Host: Scott Bourne (www.scottbourne.com or www.twitter.com/scottbourne) & special guest Kevin Kubota (www.kubotaimagetools.com or www.twitter.com/kevinkubota)

Show notes by Bruce Clarke (www.momentsindigital.com or www.twitter.com/bruceclarke)

Welcome to Episode Number 44 of Photofocus with Scott Bourne and special guest Kevin Kubota. Photofocus is the show devoted to your questions about anything photography related including gear, technique, locations, etc. Your questions will shape the direction of this show so be sure to send your questions to photofocus@me.co[email protected]. We will try to answer as many as we can but we get a lot of questions so we’ll try to take a collection of questions that represent a particular topic and present them together.

This week we kick things off with a question about macro photography:

Question One – Sharpening Techniques in Photoshop

I’d love to know what technique you use to sharpen your photos in Photoshop. Some use Unsharpen mask, others High pass, etc. I’m sure there are other ways. What is the best? I shoot mainly people. Suman, Surrey, UK

Kevin: I use various methods depending on the size of the final image. Unsharp mask is a great tool but one of my favorites is to use Smart Sharp. The problem with it is that it doesn’t have a threshold setting so I make an edge mask to isolate the edges and then use the smart sharp so that it only sharpens the edges.

Scott: I tend to use high pass on a layer and then tune it to where I want it. If it’s going to go big then I’ll use Nik Sharpener Pro.

Question Two – Increasing Working Distance for Macro Photography

I’m going to do some macro photography. 1) If I want more *working distance* should I go for extension tubes, a teleconverter or a longer lens? Mike Bauer

Scott: The easy choice if you have the budget is to go with a longer lens.

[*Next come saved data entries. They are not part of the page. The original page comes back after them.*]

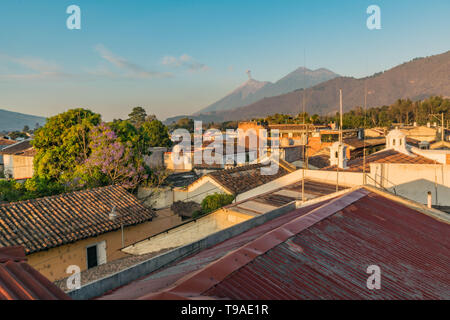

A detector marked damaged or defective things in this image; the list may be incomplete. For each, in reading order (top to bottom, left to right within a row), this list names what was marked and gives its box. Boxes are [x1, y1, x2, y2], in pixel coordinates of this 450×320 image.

rusty metal roof edge [362, 184, 450, 224] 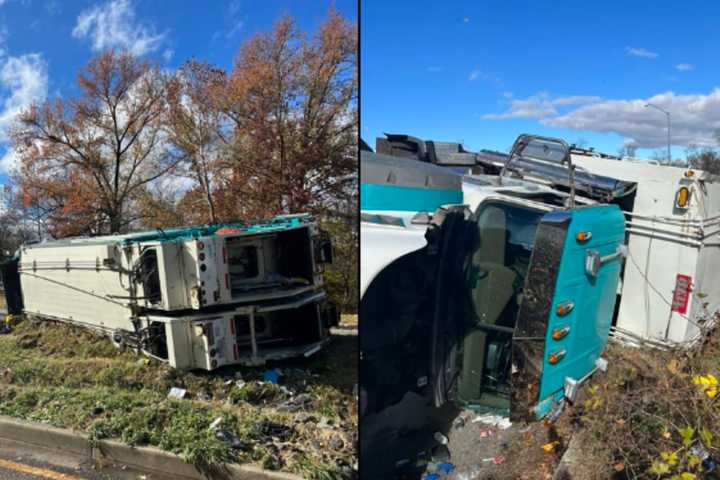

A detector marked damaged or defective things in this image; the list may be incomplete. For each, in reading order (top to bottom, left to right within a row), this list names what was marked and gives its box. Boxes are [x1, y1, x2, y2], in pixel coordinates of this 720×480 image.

overturned trash truck [8, 215, 336, 372]
overturned trash truck [360, 135, 624, 424] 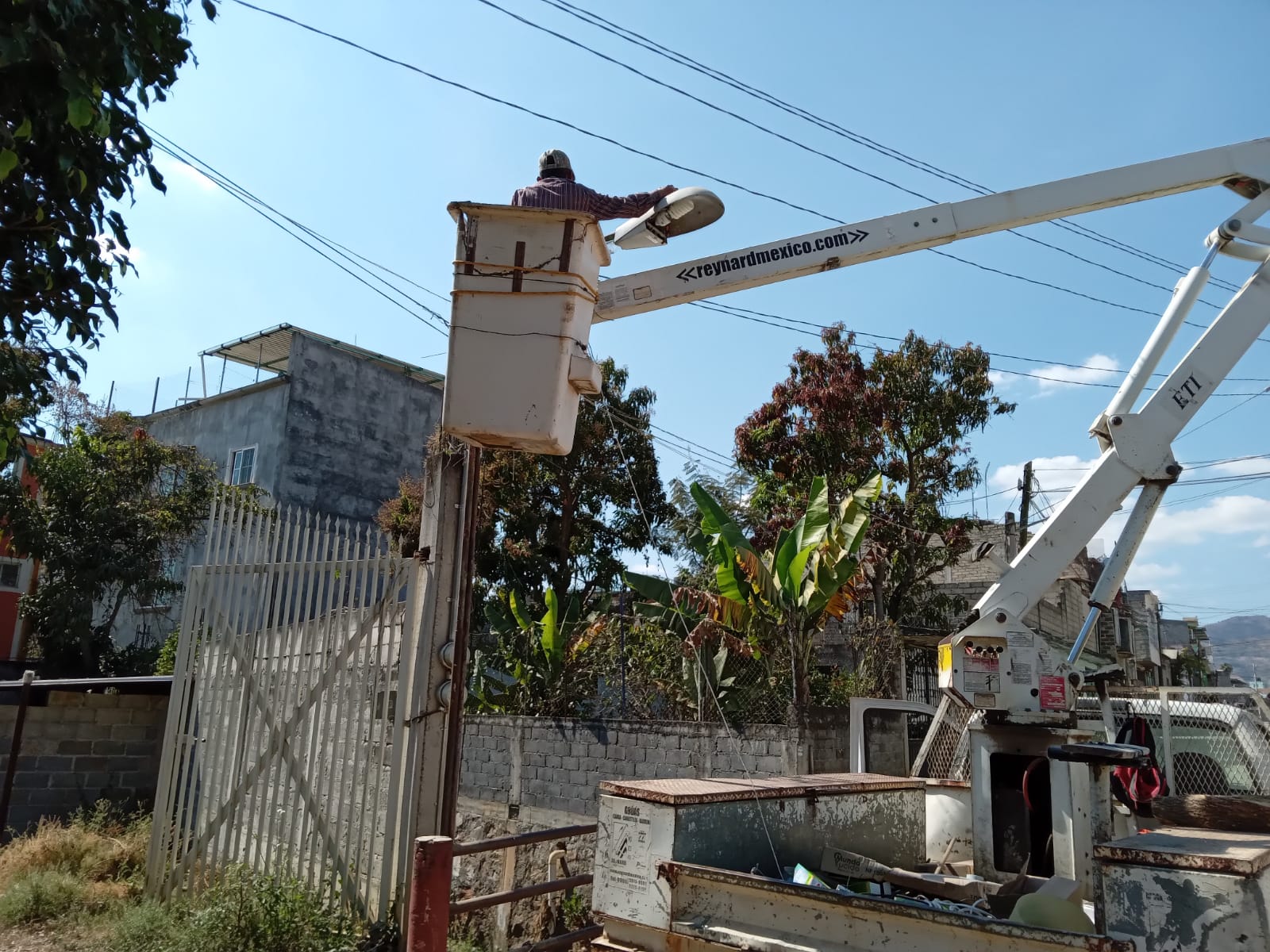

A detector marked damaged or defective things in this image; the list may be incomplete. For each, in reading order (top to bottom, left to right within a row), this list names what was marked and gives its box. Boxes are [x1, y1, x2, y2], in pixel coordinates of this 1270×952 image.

rusted equipment [0, 670, 36, 838]
rusted equipment [406, 838, 451, 952]
rusted equipment [451, 819, 600, 857] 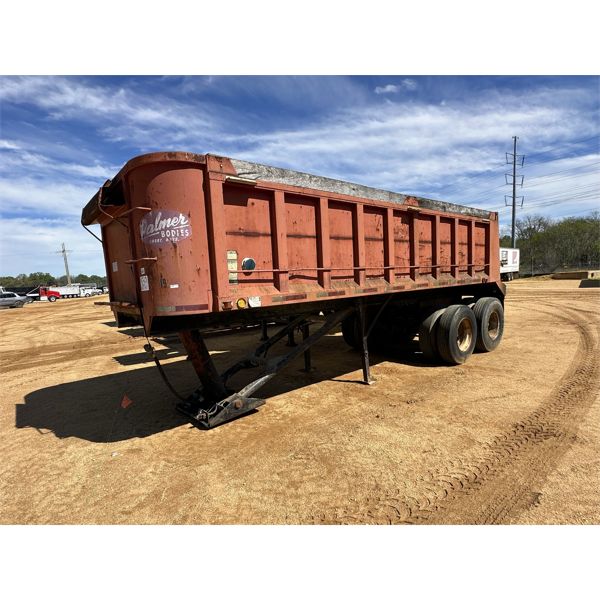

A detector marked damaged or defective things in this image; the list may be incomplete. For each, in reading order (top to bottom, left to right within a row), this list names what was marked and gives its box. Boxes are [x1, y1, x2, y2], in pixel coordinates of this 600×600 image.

rusty steel trailer side [83, 152, 506, 428] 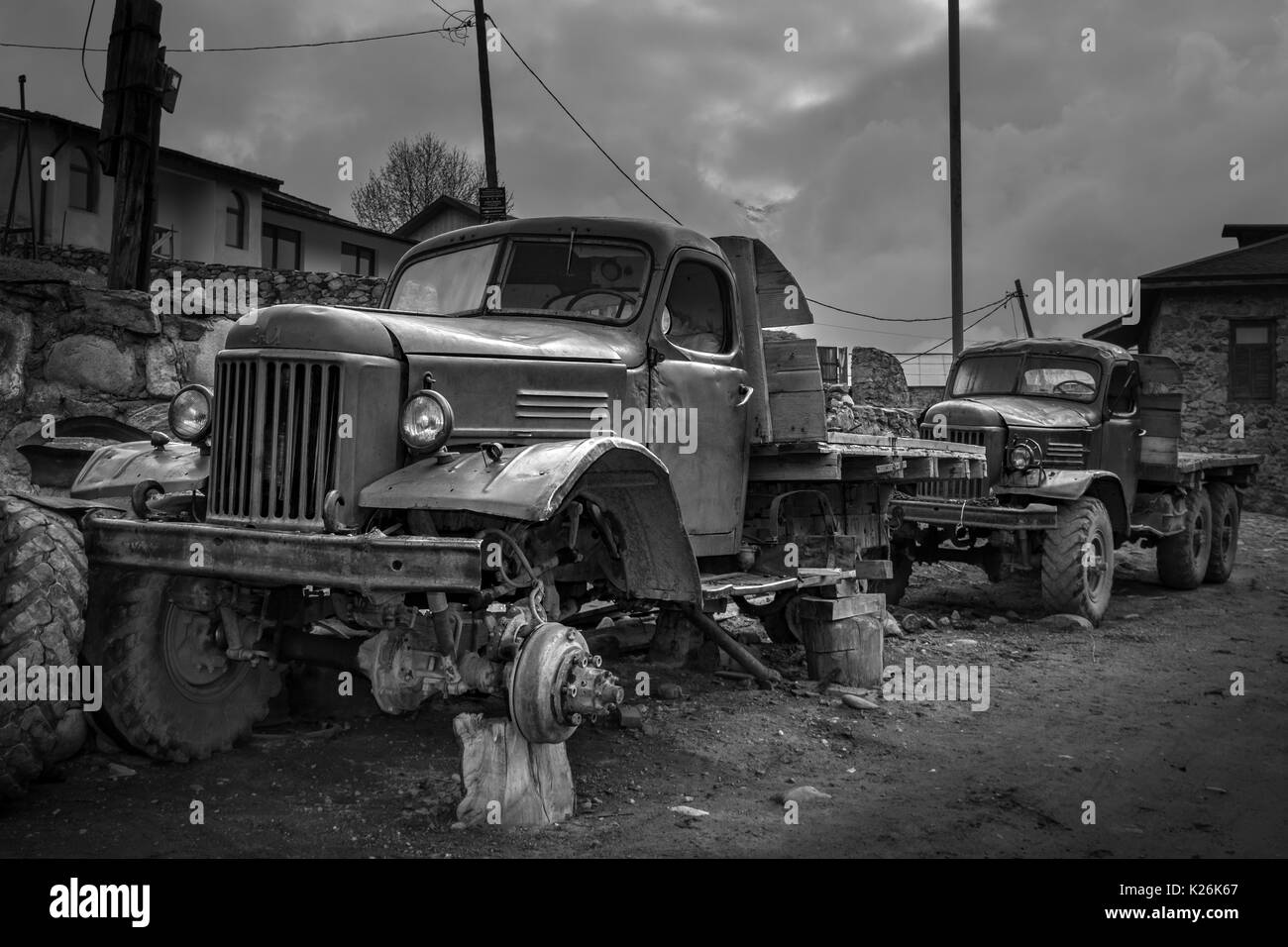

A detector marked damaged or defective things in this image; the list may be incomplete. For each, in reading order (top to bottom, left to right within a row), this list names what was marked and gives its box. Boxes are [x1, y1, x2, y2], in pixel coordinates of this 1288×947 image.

rusty grille [211, 359, 341, 531]
abandoned soviet truck [2, 213, 983, 792]
rusty grille [912, 426, 983, 503]
abandoned soviet truck [888, 337, 1260, 626] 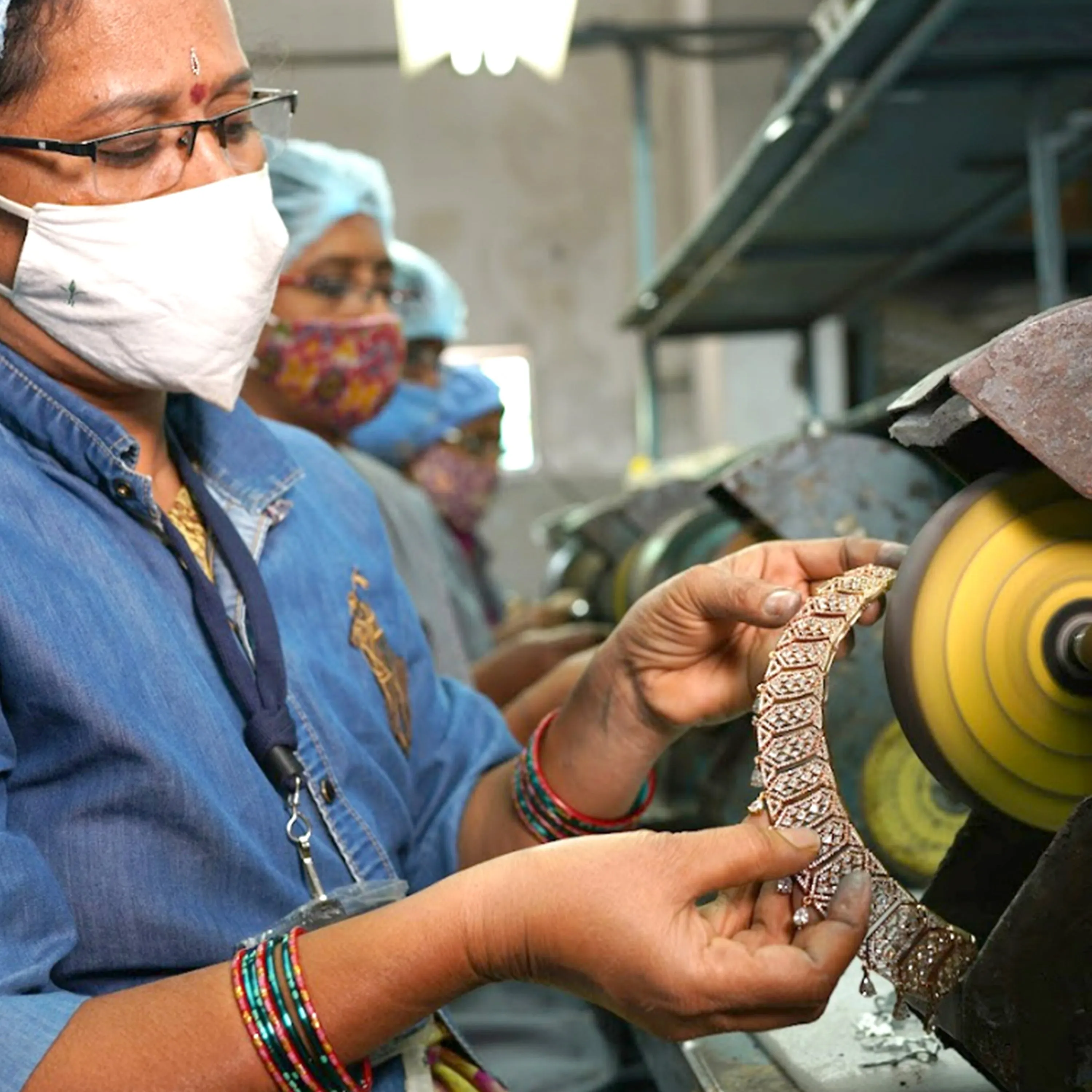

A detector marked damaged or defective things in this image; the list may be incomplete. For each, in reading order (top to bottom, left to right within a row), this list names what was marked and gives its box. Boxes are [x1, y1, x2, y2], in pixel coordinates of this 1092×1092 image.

rusty metal plate [952, 299, 1092, 502] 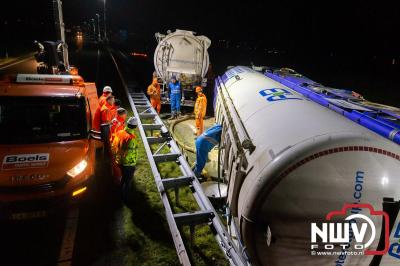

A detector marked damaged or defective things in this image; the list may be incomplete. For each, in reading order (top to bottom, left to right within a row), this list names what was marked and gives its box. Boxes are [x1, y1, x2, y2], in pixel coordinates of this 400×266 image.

overturned tanker truck [152, 29, 211, 106]
overturned tanker truck [214, 66, 400, 266] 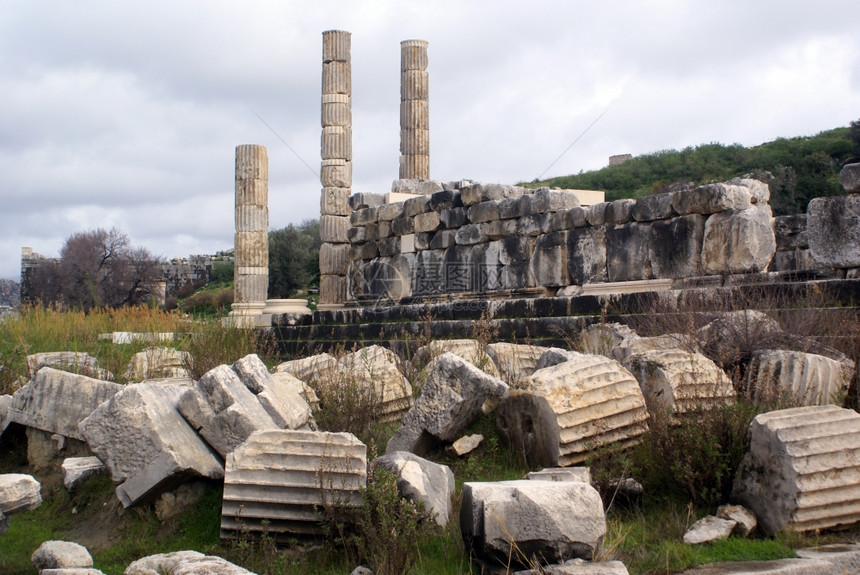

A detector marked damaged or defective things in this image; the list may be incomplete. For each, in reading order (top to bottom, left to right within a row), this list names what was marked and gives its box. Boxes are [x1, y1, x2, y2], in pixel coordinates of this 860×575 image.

I really like the 180mm macro which gives you more working distance and it can also be used as a great portrait lens.

Kevin: I don’t do a lot of macro photography but I do agree with your recommendation Scott.

Question Three – Protecting Lenses from Humidity

Adam from Tamba, Japan writes: Rainy season in Japan has just begun, and the humidity is incredible. I’m worried this warm muggy weather might effect my camera gear. I know mold has been a problem for some local photographers. How can I avoid turning my lenses into petrie dishes?

Kevin: My initial thought would be to store your gear in an area that is more humidity controlled and try to use some of those packets that absorb moisture.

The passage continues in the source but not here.